Roman Catholicism "speaks of merit in three distinct ways": condign merit (which God crowns freely), congruous merit (nonobligatory reward that may result in sanctifying grace), and supererogatory merit (given for doing above what a Christian is required).

Reformed doctrine, on the other hand, puts more emphasis on the merit of Christ that humans receive through divine grace. Protestants generally teach that merit can never be used to earn or achieve salvation: "Because Christians are justified by faith alone, their standing before God is not in any way related to personal merit. Good works and practical holiness do not provide the grounds for acceptance with God." "The only merit God accepts for salvation is that of Jesus Christ; nothing man can ever do could earn God's favor or add anything to the merit of Christ."

Catholicism 
In Catholic philosophy,  merit (as understood to be a property of a good work which entitles the doer to receive a reward), is a salutary act to which God, in whose service the work is done, in consequence of his infallible promise may give a reward (prœmium, merces).

Nature of merit
Merit exists only in works that are positively good.  The relation between merit and reward furnishes the intrinsic reason why in the matter of service and its remuneration, the guiding norm can be only the virtue of justice, and not disinterested kindness or pure mercy; for it would destroy the very notion of reward to conceive of it as a free gift of bounty (cf. Rom., xi, 6). If, however, salutary acts can in virtue of divine justice give the right to an eternal reward, this is possible only because they themselves have their root in gratuitous grace, and consequently are of their very nature dependent ultimately on grace, as the Council of Trent emphatically declares (Sess. VI, cap. xvi, in Denzinger, 10th ed., Freiburg, 1908, n. 810): "the Lord ... whose bounty towards all men is so great, that He will have the things, which are His own gifts, be their merits."

Ethics and theology clearly distinguish two kinds of merit:
 Condign merit or merit in the strict sense of the word (meritum adœquatum sive de condigno), and
 congruous or quasi-merit (meritum inadœquatum sive de congruo).
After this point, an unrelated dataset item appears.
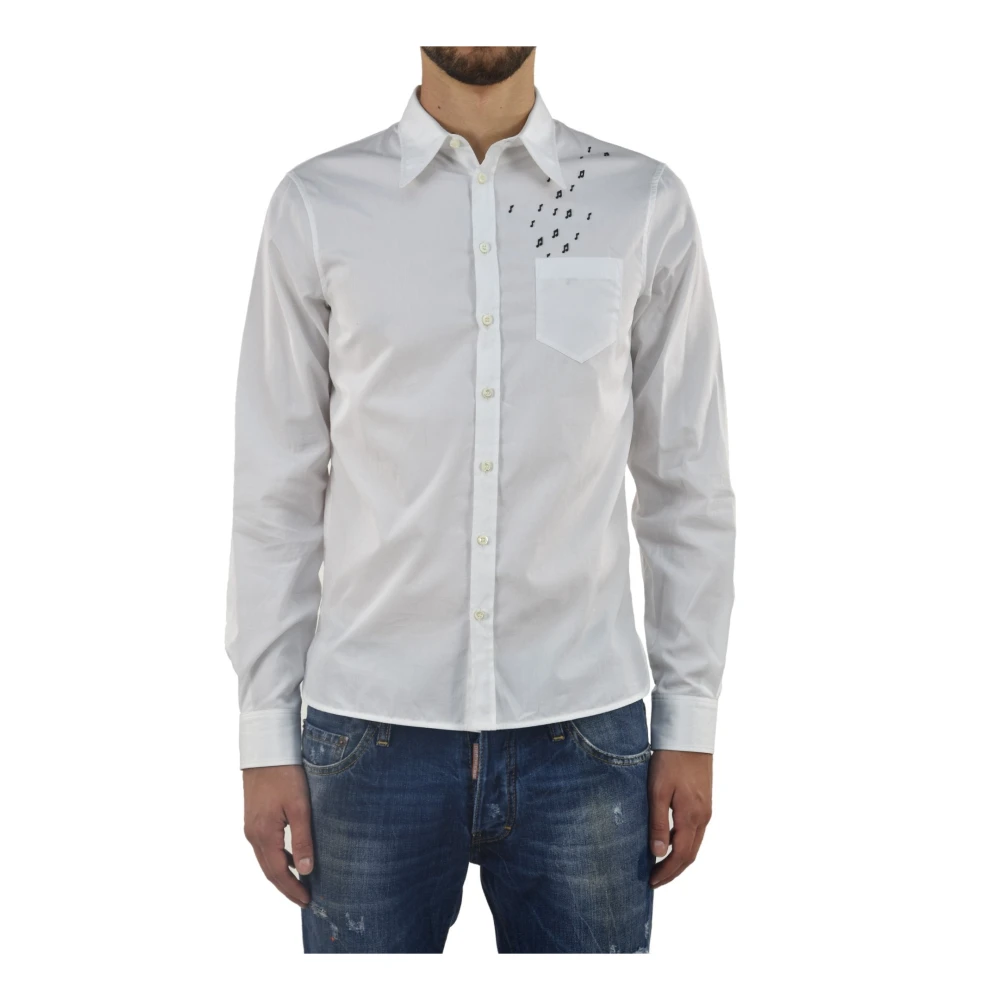 Dsquared2 Elegante Witte Heren Logo Shirt Mod.S74DL0649S36275961 White Heren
Condign merit supposes an equality between service and return; it is measured by commutative justice (justitia commutativa), and thus gives a real claim to a reward. Congruous merit, owing to its inadequacy and the lack of intrinsic proportion between the service and the recompense, claims a reward only on the ground of equity. This early-scholastic distinction and terminology, which developed in the controversies with the Pelagians and Semipelagians, were again emphasized by Johann Eck, the famous adversary of Martin Luther (cf. Greying, "Joh. Eck als junger Gelehrter," Münster, 1906, pp. 153 sqq.). The essential difference between meritum de condigno and meritum de congruo is based on the fact that, besides those works which claim a remuneration under pain of violating strict justice (as in contracts between employer and employee, in buying and selling, etc.), there are also other meritorious works which at most are entitled to reward or honour for reasons of equity (ex œquitate) or mere distributive justice (ex iustitia distributiva), as in the case of gratuities and military decorations. From an ethical point of view the difference practically amounts to this that, if the reward due to condign merit be withheld, there is a violation of right and justice and the consequent obligation in conscience to make restitution, while, in the case of congruous merit, to withhold the reward involves no violation of right and no obligation to restore, it being merely an offence against what is fitting or a matter of personal discrimination (acceptio personarum). Hence the reward of congruous merit always depends in great measure on the kindness and liberality of the giver, though not purely and simply on his good will.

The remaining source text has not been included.